Center for Data-Driven Computational Physics
ConFlux, hosted at the University of Michigan, is a computing cluster specifically designed to communicate seamlessly and at interactive speeds with data-intensive operations. The project will establish a hardware and software ecosystem to enable large scale data-driven modeling of multiscale physical systems. ConFlux promises to produce advances in predictive modeling in several disciplines including turbulent flows, materials physics, cosmology, climate science and cardiovascular flow modeling.
A wide range of phenomena exhibit emergent behavior that makes modeling very challenging. In this project, physics-constrained data-driven modeling approaches are pursued to account for the underlying complexity. These techniques require HPC applications (running on external clusters) to inter-connect with large data sets at run time. ConFlux provides low latency communications for in- and out- of-core data, cross-platform storage, as well as high throughput interconnects and massive memory allocations. The file-system and scheduler natively handle extreme-scale machine learning and traditional HPC modules in a tightly integrated work flow — rather than in segregated operations — leading to significantly lower latencies, fewer algorithmic barriers and less data movement.
The ConFlux cluster will be built with ~43 IBM Power8 CPU two-socket “Firestone” S822LC compute nodes 17 IBM Power8 CPU two-socket “Garrison” compute nodes. Each of the Garrison nodes will also host four NVIDIA Pascal GPUs connected via NVIDIA’s NVLink technology to the Power8 system bus. Each node has a local high-speed flash memory for random access.
All compute and storage is connected via a 100 Gb/s InfiniBand fabric.

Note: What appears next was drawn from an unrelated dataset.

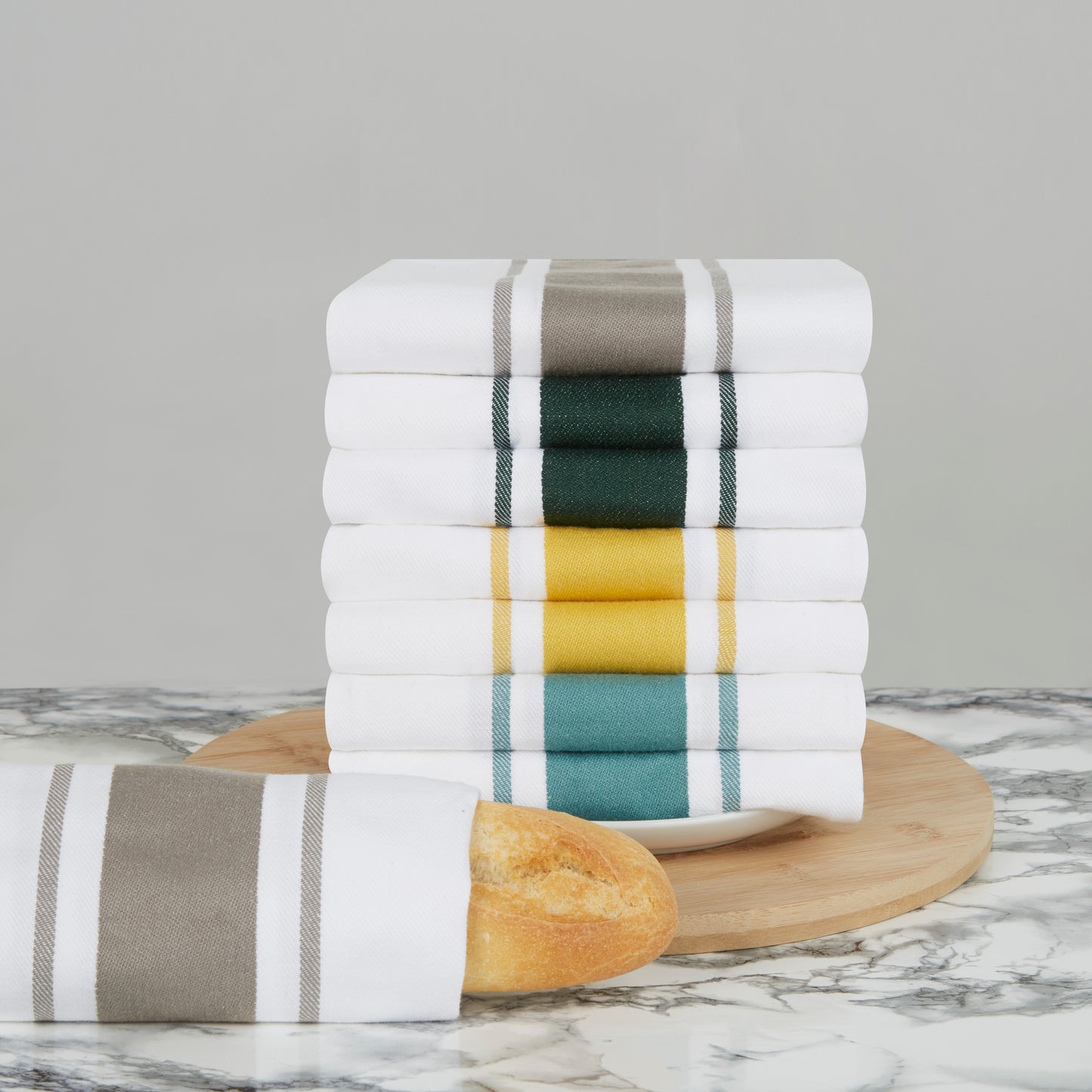 Large Sets of 8 Striped Cotton Drill Tea Towels in Mixed Colours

The IBM and NVLink connectivity, combined with IBM CAPI Technology will provide an unprecedented data transfer throughput required for the data-driven computational physics researchers will be conducting.
80% of ConFlux resources are restricted to use of research groups within the University of Michigan. The remaining 20% will be allocated to the external community based on data-driven modeling needs.